Esta dominación del trabajo abstracto y su temporalidad lineal abstracta vuelve a encontrarse en dispositivos disciplinarios tan esenciales como la escuela, en tanto preparación para el trabajo, y la prisión (para los que rechazan las obligaciones del trabajo). Se hace sentir también en la familia, en donde la actividad de la madre, centrada en la educación y la reproducción de la fuerza de trabajo, se presenta como un trabajo doméstico agobiante que deja poco espacio para las iniciativas personales, sobre todo cuando esa madre además trabaja profesionalmente. En otros términos, una parte capital de la sociedad, desfavorecida desde el comienzo por las relaciones sociales entre sexos todavía marcadas por el patriarcado, está condenada a un trabajo negado como tal y que la despoja de todo reconocimiento social verdadero. Las mujeres, encerradas en el dispositivo material y simbólico del hogar, aportan en los hechos una triple contribución a la producción del trabajo abstracto: procrean y educan la futura fuerza de trabajo, descargan a los hombres de muchas tareas –lo que los deja más disponibles para el trabajo asalariado–, y ocupan los empleos más subalternos y peor remunerados en las fábricas, las oficinas y los empleos públicos. La abstracción social del trabajo cae con todo su peso sobre ellas.

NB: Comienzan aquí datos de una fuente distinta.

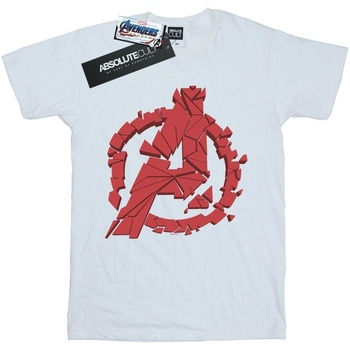 Vêtements Fille T-shirts manches longues Marvel Avengers Endgame Shattered Logo Blanc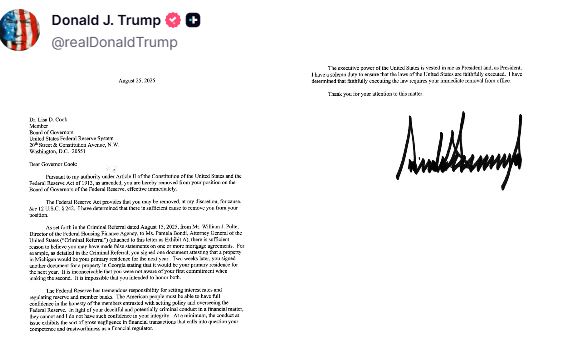 yyy567878tadx4tddi55ACVVzSSXX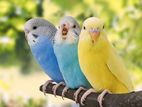 Budgie ( Adults )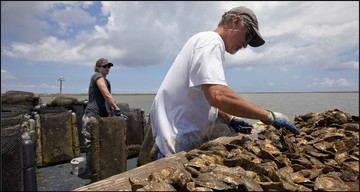 Aquaculture Oysters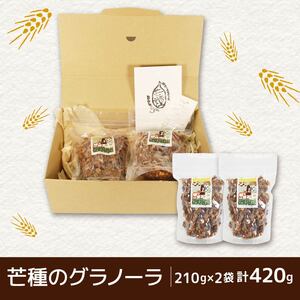 グラノーラ 手作り 210g×2個 計420g 静岡県 藤枝市  | シリアル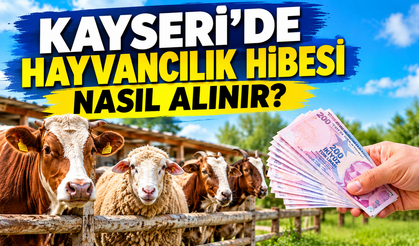 Kayseri’de Çiftlik Kurma Hibesi, 2026 Destekleri, Başvuru Şartları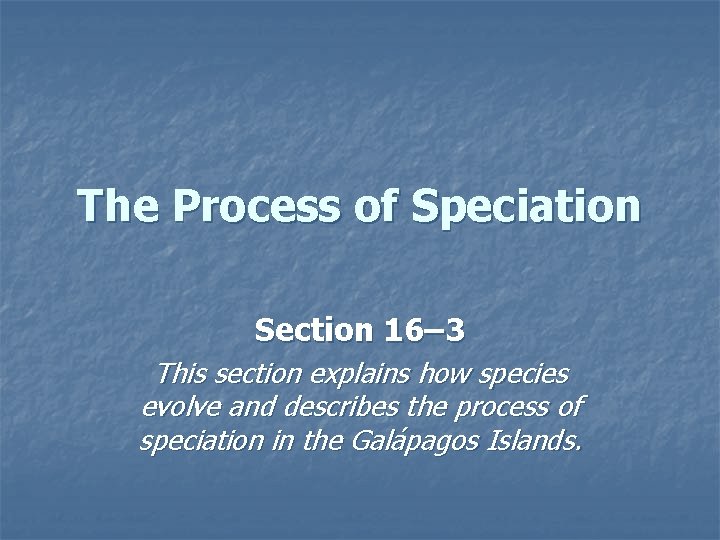 The Process of Speciation Section 16– 3 This section explains how species evolve and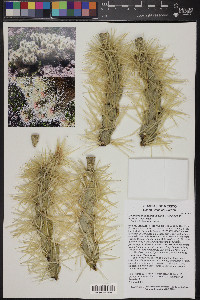 Cylindropuntia tunicata image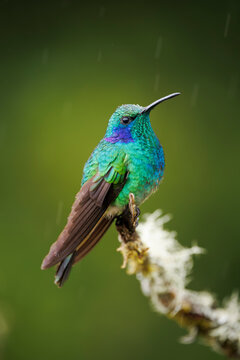 Lesser Violetear Hummingbird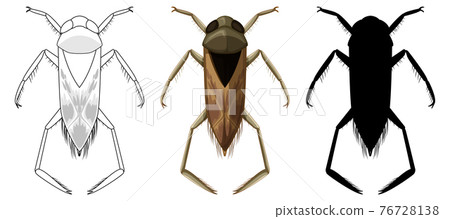 Set of backswimmer beetle in three style Set of backswimmer beetle in three style 76728138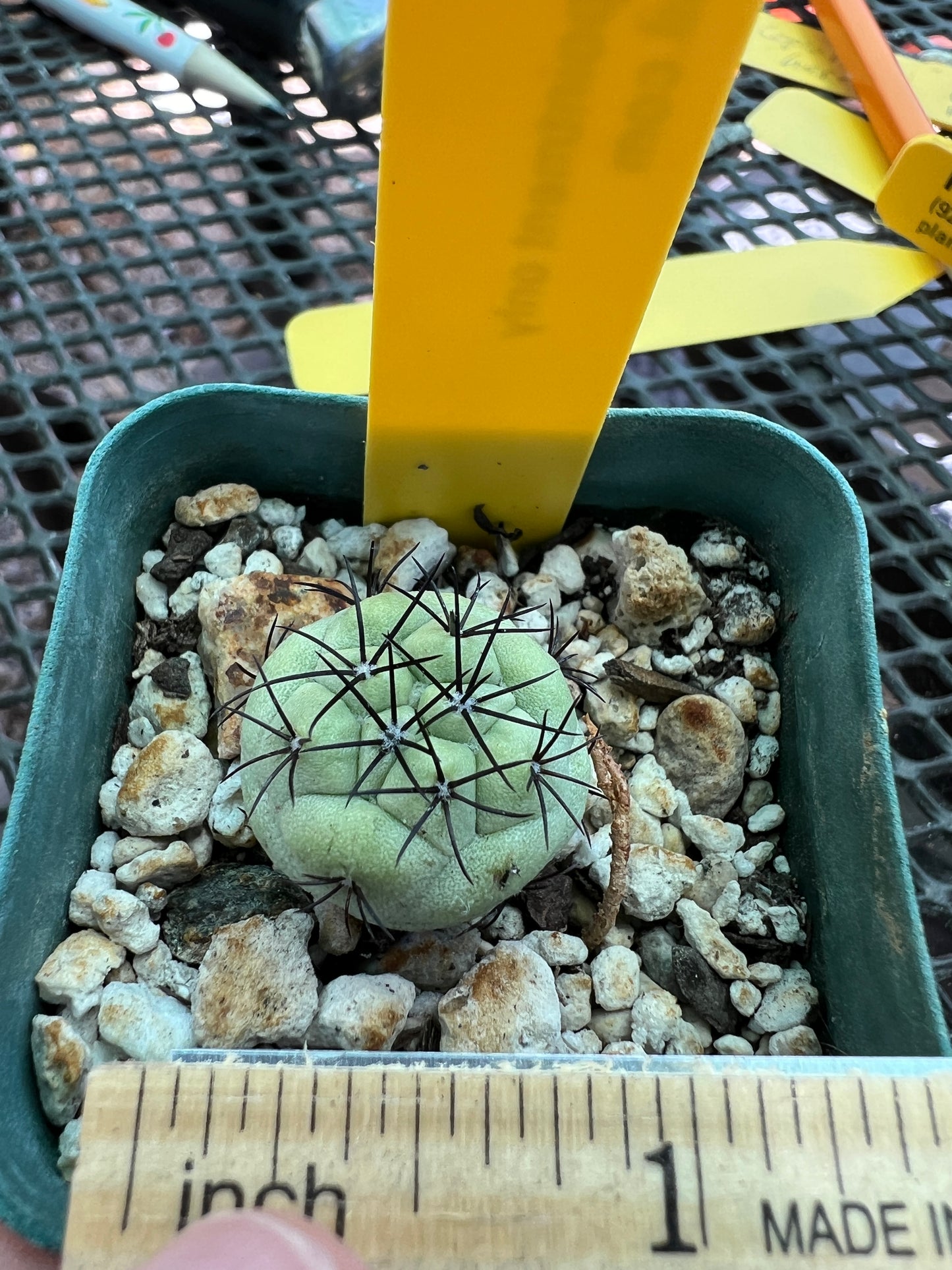 Ortegocactus macdougalii cactus #1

Este acompasamiento lineal abstracto del tiempo produce evidentemente muchos efectos por fuera del dominio estricto de la temporalidad. El espacio, en particular, en muchos aspectos está estructurado por la producción de valor y por tanto por el trabajo abstracto. Los flujos de valor se imprimen en el espacio como zonas de habitación, zonas de producción y lugares de esparcimiento, pero también como circulación de mercancías, de hombres y de informaciones. De cierta manera el espacio deviene él mismo abstracto y cautivo de la producción de valor, y esto incluso cuando es espacio de diversión o de reposo (los entretenimientos frecuentemente no son gratuitos). Está jalonado de señales y de signos que orientan, invitan a hacer o a no hacer, afirman la potencia del Capital sobre el trabajo, proveen de puntos de referencia para adaptarse a los flujos de valor. La utilización del espacio es en gran medida la utilización de un espacio muerto, reservado a actividades codificadas y estampilladas. Está tabicado, fragmentado, plagado de barreras y de impedimentos para la mayoría de los hombres. Es también un espacio de riesgos: accidentes de trabajo, accidentes de circulación, expulsiones del espacio habitado, degradación del ambiente, polución, etc. El espacio en ese sentido no es solamente despliegue, en numerosas circunstancias es encierro vital.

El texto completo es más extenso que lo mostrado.